Sri Asih sudah seharusnya lebih matang dan unggul dibanding rilisan Jagat Sinema Bumilangit pertama, Gundala (2019). Proyek ini punya kesempatan untuk belajar dari Gundala yang menuai beragam respons saat tayang tiga tahun lalu.
Produksi film ini juga memakan waktu hingga tiga tahun sampai akhirnya rilis pada pertengahan November 2022. Hasilnya, film garapan Upi tersebut mampu mengungguli Gundala pada sejumlah bagian.
Aspek yang unggul itu tampak dari cara Upi dan Joko Anwar menempatkan Sri Asih sebagai poros utama dari semesta Bumilangit. Cerita yang diangkat seolah mengikat asal usul sang superhero dengan konflik utama saga tersebut.
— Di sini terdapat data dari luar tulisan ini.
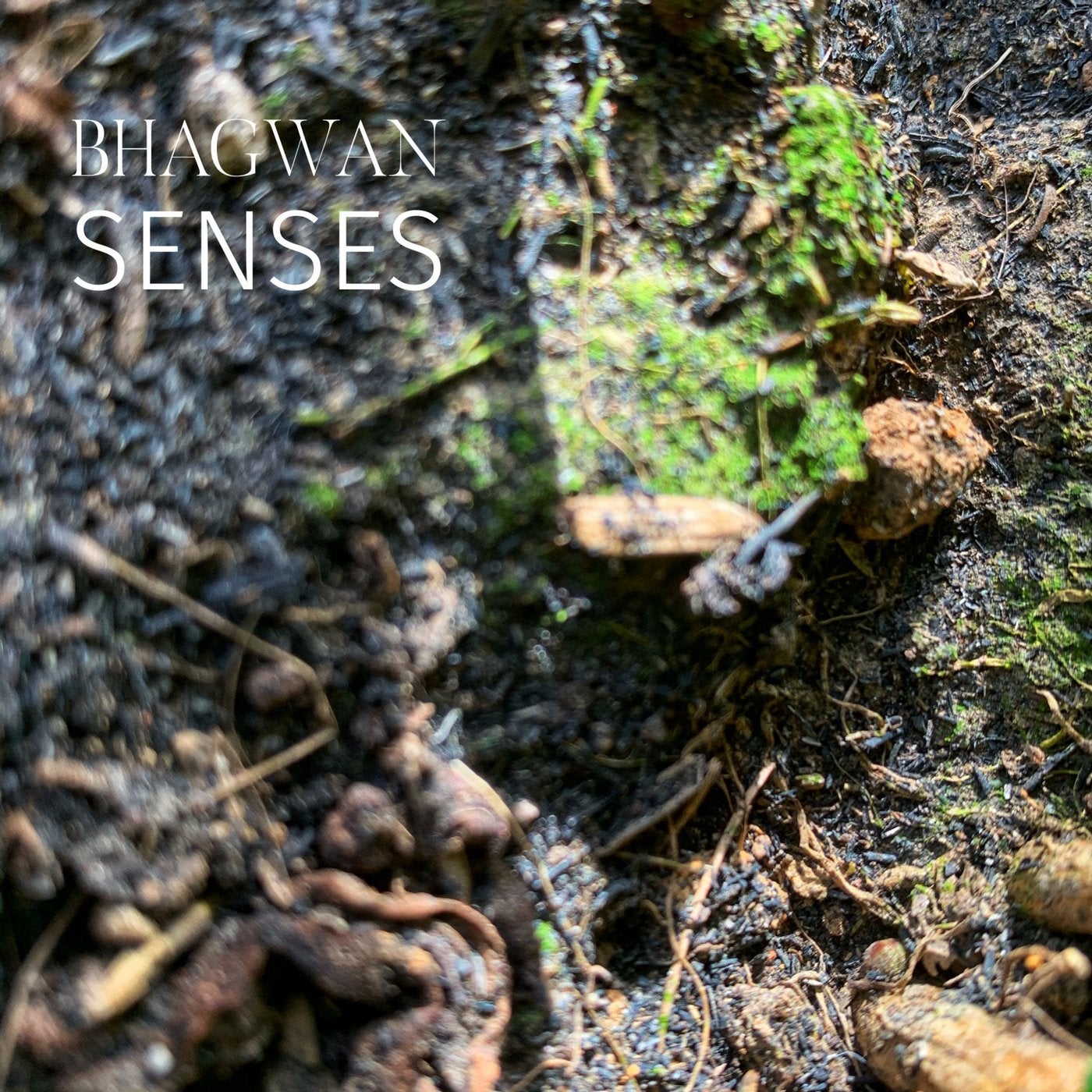 Senses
Capaian itu juga didukung dengan suguhan visual yang tidak murahan berkat kualitas efek CGI pada berbagai adegan. Di sisi lain, kostum yang dikenakan Sri Asih dan villain utama tampak cocok dan nyetel dengan nuansa film ini.
Namun di luar urusan teknis serta perbandingan dengan Gundala, film ini masih menyimpan segudang catatan. Film ini tampak kesulitan dalam menjahit cerita sehingga terasa acak-acakan pada beberapa bagian.
Carut marut plot cerita itu berakibat kepada emosi film yang kurang tersampaikan. Akibatnya, pencarian jati diri Alana (Pevita Pearce) sebagai Sri Asih jadi terasa hambar.
Beberapa dialog yang tercipta dalam film ini juga terasa kaku. Kesan tak luwes tersebut kebanyakan muncul saat para karakter mengutarakan sebuah narasi yang penting dan serius.
Tak berhenti di situ, film ini juga kurang maksimal dalam mengeksplorasi karakter Sri Asih. Pencarian jati diri Alana sebagai Sri Asih tidak terasa berkesan karena tergesa-gesa menuju klimaks cerita.
Misalnya, Sri Asih tiba-tiba langsung berurusan dengan masalah yang mengancam banyak orang, serta berhadapan dengan villain utama film ini. Ia pun tidak mengalami kesulitan berarti kala mengerahkan kekuatan supernya.
Padahal, peralihan Alana menjadi Sri Asih adalah bagian penting yang punya potensi untuk dikembangkan.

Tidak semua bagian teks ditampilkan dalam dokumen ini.